Many of Tesla’s short sellers have closed out their positions over the course of 2020, with short interest falling to 6% of the float from nearly 20% a year ago, according to S3 data.
“The short squeeze has been going on all year. It’s been an angled straight line down," Dusaniwsky said. “The big thing about Tesla as opposed to any other stock is that the vast majority of retail shareholders will never be sellers. They love the stock, they love the car, they love Elon Musk and they are adamant long shareholders."
Tesla’s shares soared this year as it notched five consecutive quarters of profits and amid growing sentiment on Wall Street that the shift toward electric vehicles is accelerating. The company was added to the S&P 500 Index on Dec. 21 and several smaller EV stocks have rallied along with it.
The next potential catalyst comes in early January, when Tesla reports fourth-quarter vehicle production and delivery figures. Tesla expects to deliver half a million cars in 2020, a huge milestone for a company that initially struggled to mass-produce its Model 3 and is now building additional factories in Berlin and Austin, Texas.

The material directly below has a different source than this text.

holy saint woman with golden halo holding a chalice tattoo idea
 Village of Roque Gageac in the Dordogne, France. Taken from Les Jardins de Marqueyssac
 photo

“Tesla checks a lot of boxes for investors in terms of people wanting growth, disruption, electrification," said Dan Levy, an analyst at Credit Suisse. “They operationally had a good year, but there are also broader trends in the market as well. There was clearly more interest in shorting the stock before 2020, and then 2020 knocked out a lot of shorts."
In July, Chief Executive Officer Musk tweaked the noses of Tesla critics by selling limited-edition red-satin shorts with the company’s logo -- or what he called “short shorts." Fans have posted pictures of themselves wearing them as Tesla’s stock has rallied, and Musk tweeted a picture of a pair as a Christmas greeting.
Musk, who with an 18% stake is Tesla’s largest shareholder, has seen his own wealth balloon this year. He’s now the second-richest person on the planet after Jeff Bezos of Amazon.com Inc.